Le opere esposte in mostra, e il loro accompagnare l’artista da un atelier all’altro, di posto in posto, hanno una grande potenza rivelatrice: permettono di contemplare l’artista al lavoro ma soprattutto ciò che ha scelto di mostrare e ciò che di proposito ha tenuto segreto.

Il famosissimo fotografo Brassaï paragona i quadri che Picasso appende alle pareti a una “riunione delle opere della stessa covata raggruppate come per un ritratto di famiglia”. Ancora Brassaï ricorda la sorpresa con cui nel 1932, dopo aver conosciuto l’artista, scopre l’atelier al 23 di Rue La Boétie, che definisce un “bazar”. In mezzo a tanto disordine c’è una costante: Picasso, l’“accumulatore”, agisce anche da autentico conservatore museale; ogni atelier è occasione di un nuovo allestimento, in cui le sue opere dialogano con i quadri che colleziona, di maestri antichi o contemporanei. Nei suoi atelier il maestro spagnolo dispone, sposta, riunisce, esattamente al contrario del museo immaginario di André Malraux, che è “necessariamente un luogo mentale”.

In tutti i luoghi della sua vita, Picasso si è comportato con le sue opere come un vero collezionista. I lavori in mostra hanno ornato i muri delle sue case, popolato i suoi atelier, lo hanno seguito in tutti i suoi spostamenti. E costituiscono un vero laboratorio di forme, che l’artista guarda continuamente e di cui si nutre quotidianamente.
A prescindere dalla tecnica, dai materiali o dal soggetto, tutte le sperimentazioni di Picasso possono essere interpretate come il risultato di una ricerca unica: quella di un artista che non smette mai di rivelare i misteri della creazione e di raccontare la pittura in sé. E anche quando appende quadri, Picasso crea non solo oggetti, ma luoghi che diventano, agli occhi di fotografi come Brassaï, vere e proprie composizioni artistiche.

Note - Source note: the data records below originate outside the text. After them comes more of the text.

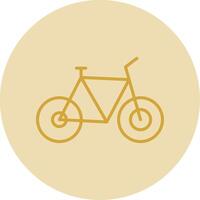 bicicleta linha amarelo círculo ícone vetor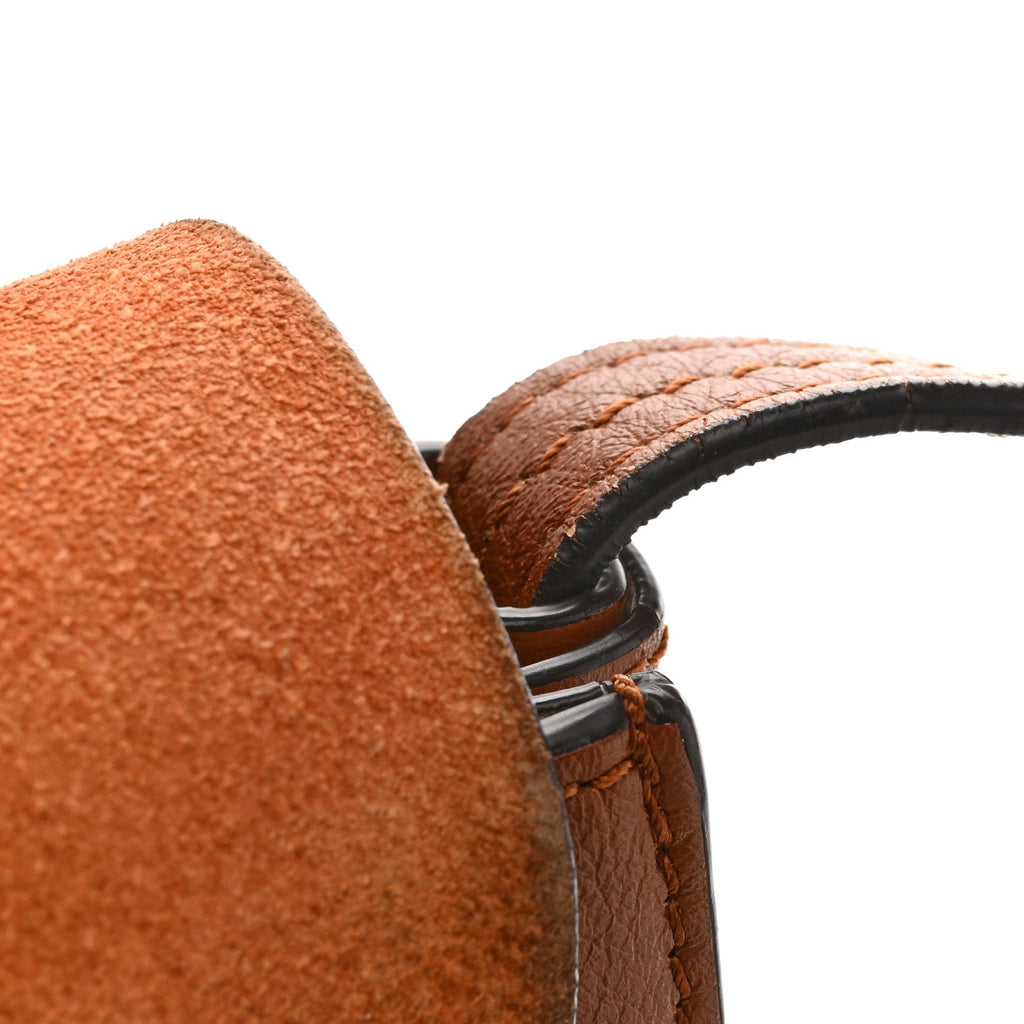 Suede Calfskin Small Faye Shoulder Bag Tobacco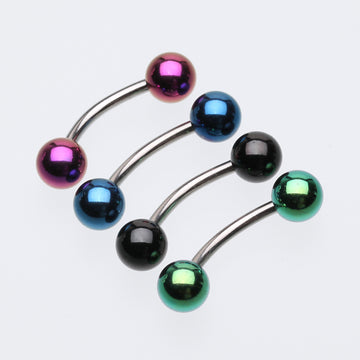 Detail View 1 of Colorline PVD Ball Top Steel Curved Barbell Ring-Green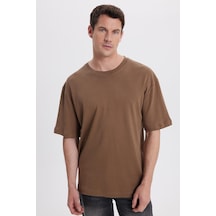 Tudors Unisex Oversize Geniş Kesim %100 Pamuk Yumuşak Dokulu Basic Bisiklet Yaka Kahverengi Tişört-35181 Kahverengi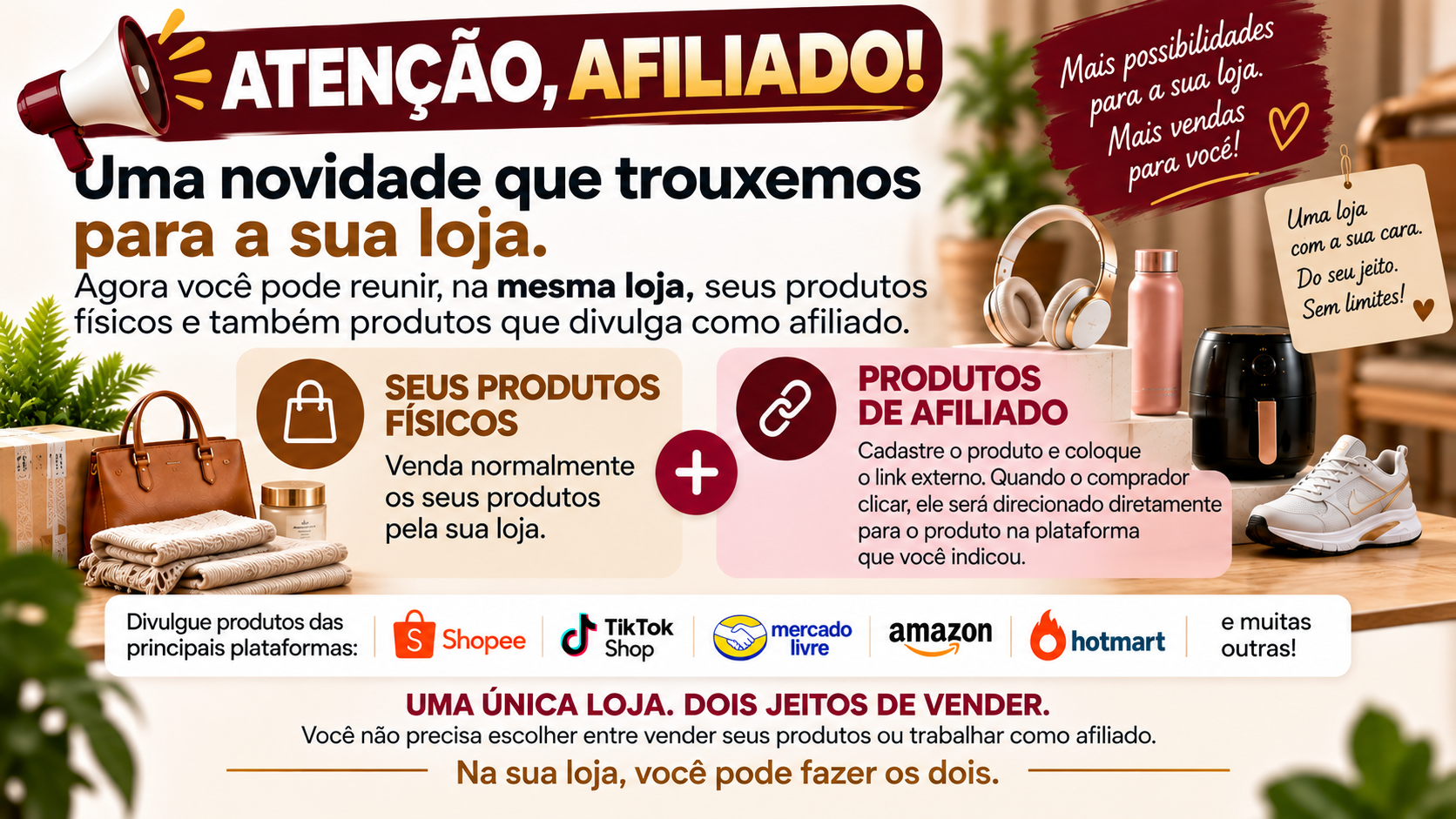 Atenção, afiliado: uma única loja, dois jeitos de vender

Il percorso della mostra, tematico e cronologico, approfondisce e illustra in dieci sezioni la creatività del grande artista: i suoi quadri divengono i personaggi di un immenso teatro che illumina, da tanti punti di vista, alcuni importanti principi della sua creazione, dei suoi dubbi, che lo stesso Picasso riassume, dieci anni prima della sua morte, così: «La pittura è più forte di me, mi fa fare quello che lei vuole». “In fondo è possibile che io sia un pittore senza stile […]. Spesso lo stile è una cosa che imprigiona il pittore in una stessa visione, in una stessa tecnica, in una stessa formula per anni e anni, a volte per tutta la vita […]. Io sto sempre a scombinare, a rimescolare. Mi vedi qui, eppure sono già cambiato, sono già altrove. Non sono mai al mio posto, ed è per questo che non ho uno stile».